# TASK STATEMENT
Print, exactly as they stand, the lines below from the one that has "OIL COOLER KT 10R VER FAN" to the one that has "Switch Pintu Kulkas", inclusive, leaving out the pictures.

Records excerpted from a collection
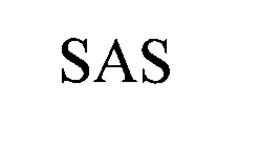 SAS trademark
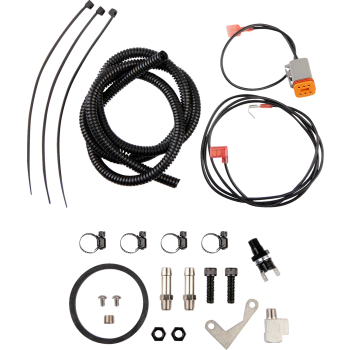 OIL COOLER KT 10R VER FAN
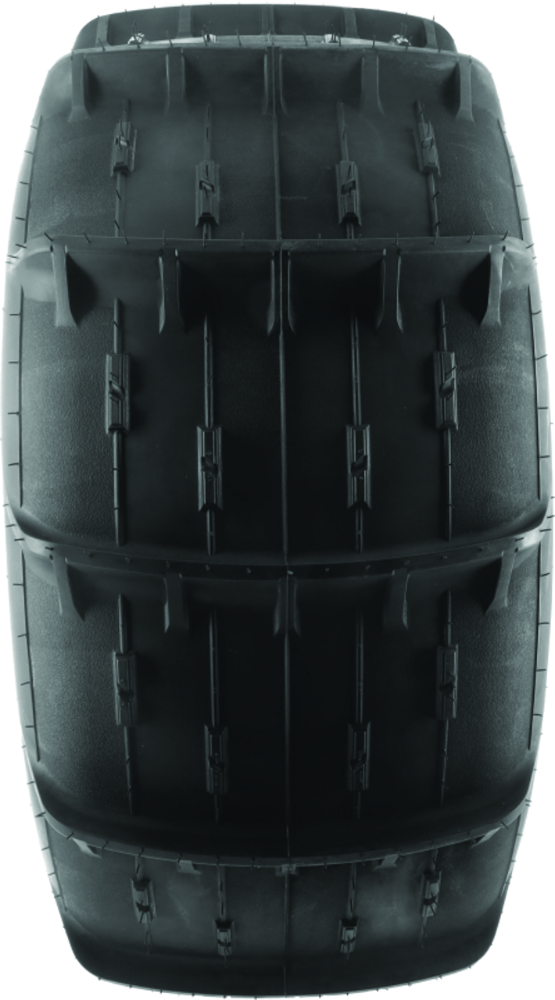 DragonFire Kopa UTV Paddle Tire - Rear (23mm Paddles) Front View
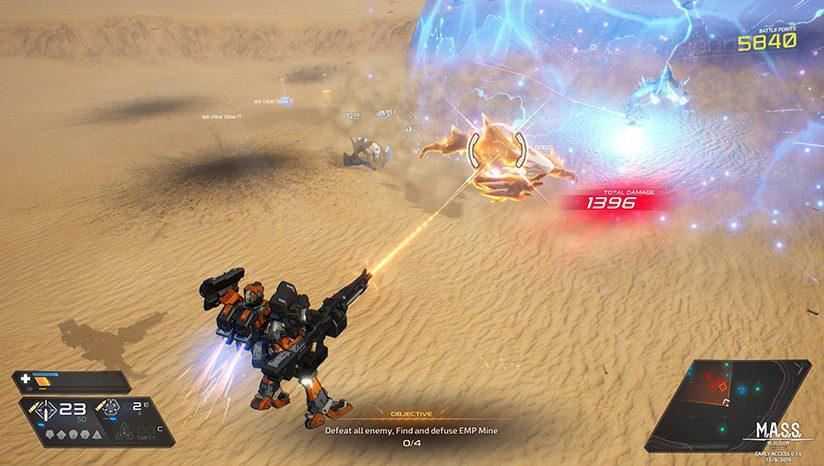 M.A.S.S. Builder-9 M.A.S.S. Builder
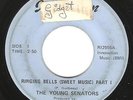 Funk Psych Soul 45 YOUNG SENATORS 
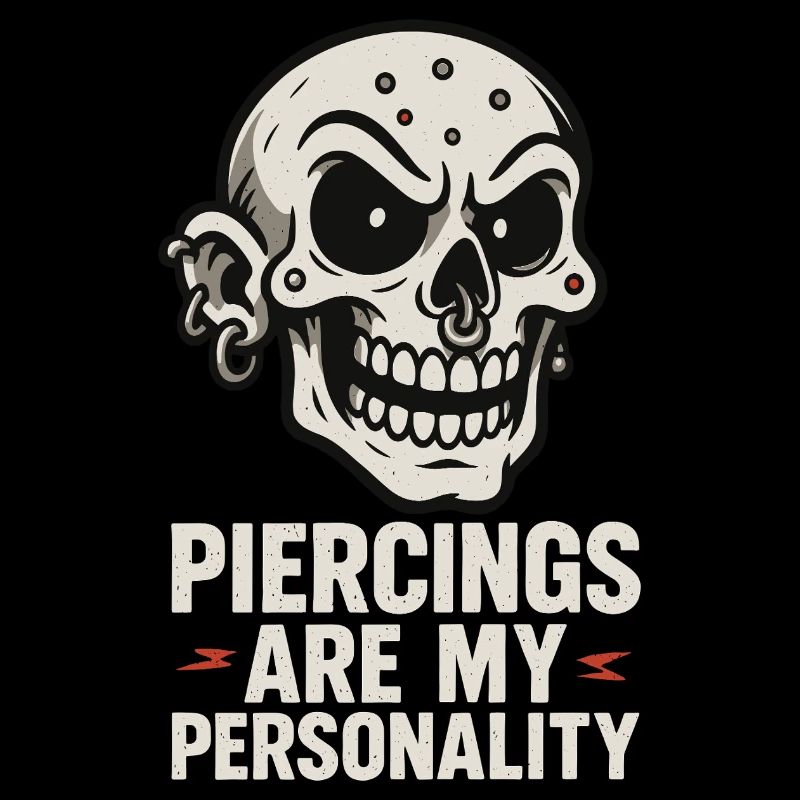 Piercing Addict Body Mod Enthusiast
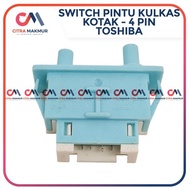 Switch Pintu Kulkas Saklar Lampu Sekun Showcase Freezer Kotak Toshiba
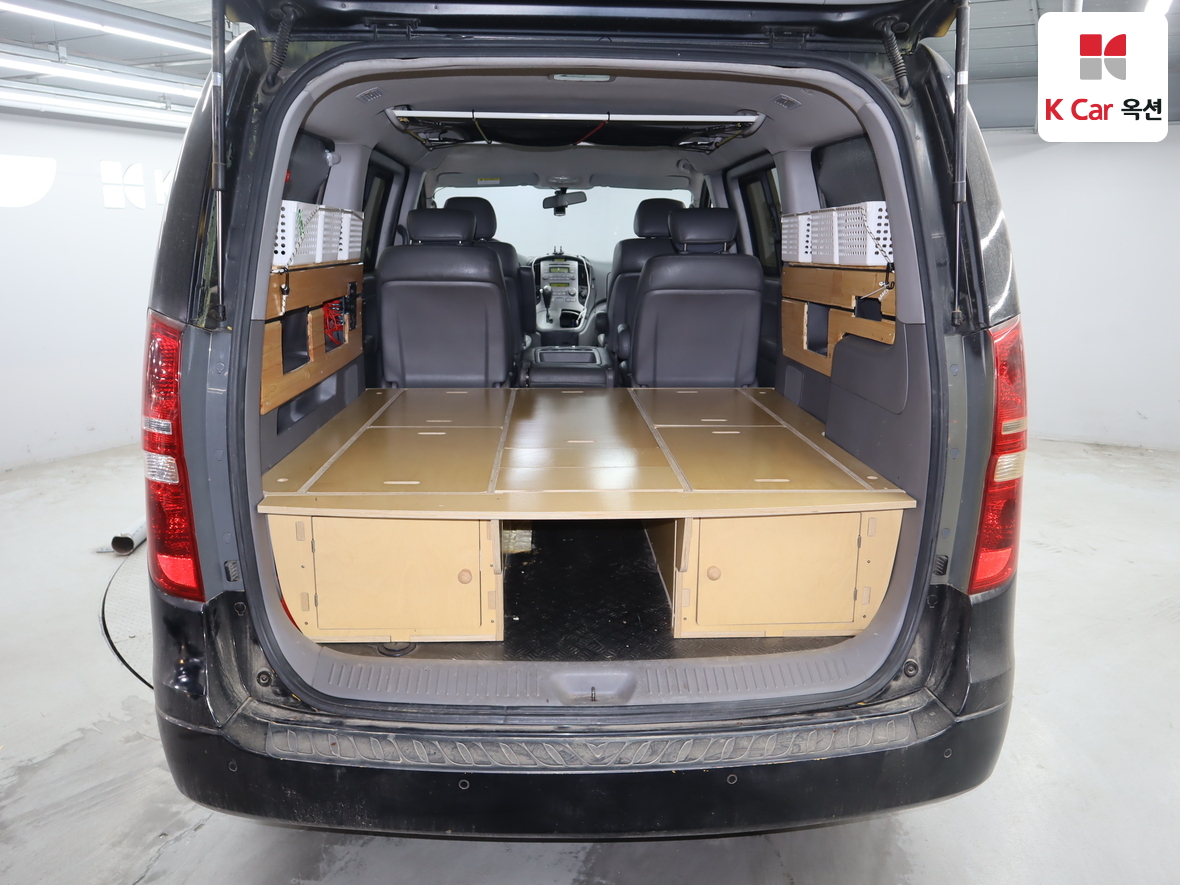 현대자동차 그랜드 스타렉스 2009 - 이미지 23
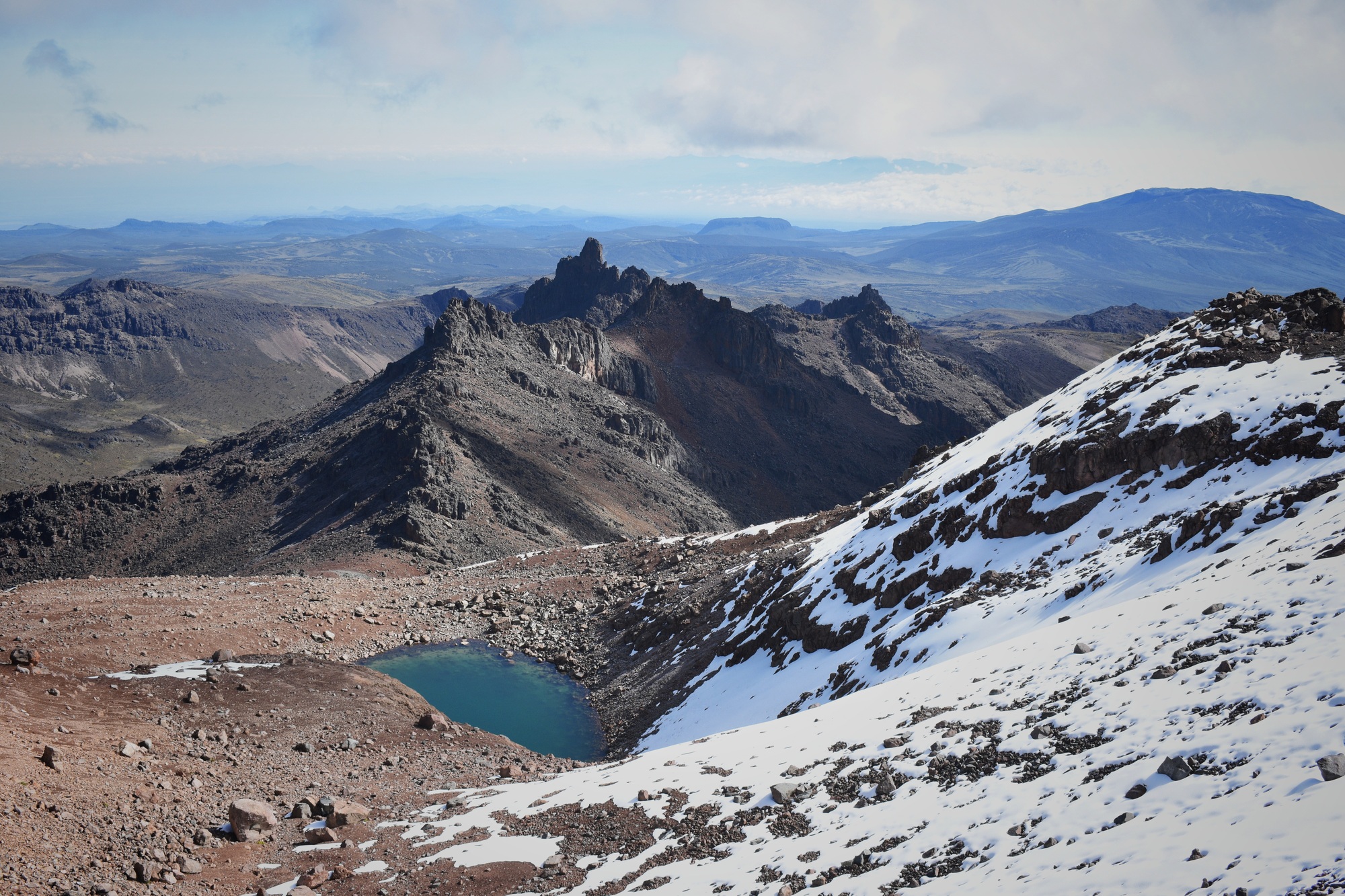 Mont Kenya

# ANSWER SECTION
 OIL COOLER KT 10R VER FAN
 DragonFire Kopa UTV Paddle Tire - Rear (23mm Paddles) Front View
 M.A.S.S. Builder-9 M.A.S.S. Builder
 Funk Psych Soul 45 YOUNG SENATORS 
 Piercing Addict Body Mod Enthusiast
 Switch Pintu Kulkas Saklar Lampu Sekun Showcase Freezer Kotak Toshiba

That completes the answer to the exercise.